I’d like to say it’s an alarming story, but unfortunately, you’ve heard the basics before: Cop sees black man; black man gets “uppity;” cops beat the shit out of black man; black man turns out not to have committed a crime. (In this week’s installment, cops chase black man into his house and taser him).
Again, I’d like to say it’s an alarming story, but Jonah has already filed several similar stories this year.
Indeed, when it comes to police accountability, it’s been a bummer year.
But the public outcry and resulting attention that the issue got last June quickly fell away after Mayor Nickels announced he supported the chief and was putting together a panel to look at the problem.
(Coincidentally, the next time the cops showed up in the news was in September after they raided clubs and shocked city council members by possibly, and sloppily, violating the civil rights of those arrested.)
It is inexcusable that there isn’t more urgency in this city, on the council, in the press, in the public, to get to the bottom of the problem with police misconduct.
Personally, I don’t think it’s about forcing Chief Gil Kerlikowske to resign.
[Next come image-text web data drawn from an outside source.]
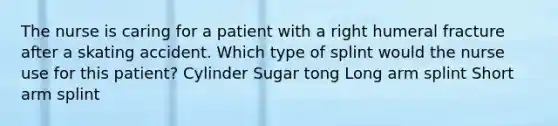 The nurse is caring for a patient with a right humeral fracture after a skating accident. Which type of splint would the nurse use for this patient? Cylinder Sugar tong Long arm splint Short arm splint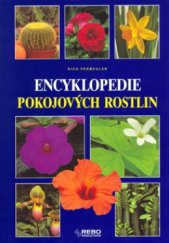 kniha Encyklopedie pokojových rostlin, Rebo 2001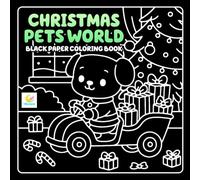 Christmas Pets World Black Paper Coloring Book: Cute Holiday Pets, Festive Animals, and Cozy Winter Scenes on Black Backgrounds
I think it’s about finding a real way to hold officers accountable. Certainly, an aspect of holding officers accountable is by holding a hammer over the cheif, but firing Kerlikowske won’t accomplish long term accountability.
There will be two new city council members in January—Tim Burgess (a former cop) and Bruce Harrell (an attorney who says he’s about public accountability). I interviewed both men during our endorsement process and came away discouraged with how both men fielded the police accountability question. Burgess was certainly more engaged in the issue and promised to tackle it, but he was reluctant to get behind legislation that would strengthen council oversight on the chief. Harrell was vague on policy and seemed like a blue ribbon panel type guy.
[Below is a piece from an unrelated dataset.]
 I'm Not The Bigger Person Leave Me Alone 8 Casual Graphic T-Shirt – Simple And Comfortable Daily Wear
This issue is a big deal. : ) And if I may step away from the trendy Seattle liberal point of view (which, apologizing for raising its voice, goes out of its way to say police are good people and this is just a few bad apples), I’m starting to think it’s not just about “bad apples.”
Evidence is mounting that there is a problem with the system and the culture that apparently allows police to get away with off-the-charts behavior (again, read Jonah’s story). As a result, more and more officers are getting caught—or at least sued.
Cops work hard and have uniquely demanding jobs. So, I understand why they get their backs up when they are criticized.
But it’s time to stop with the “few bad apples” rap. That point of view pretends their isn’t a larger problem. Problem: We have a system that doesn’t allow the public—or our representatives on the council—to play a role in holding public servants accountable. That set up doesn’t simply empower and protect bad apples, it also creates a culture at large that can breed delinquent behavior.
Anyone heard from Nickels panel lately?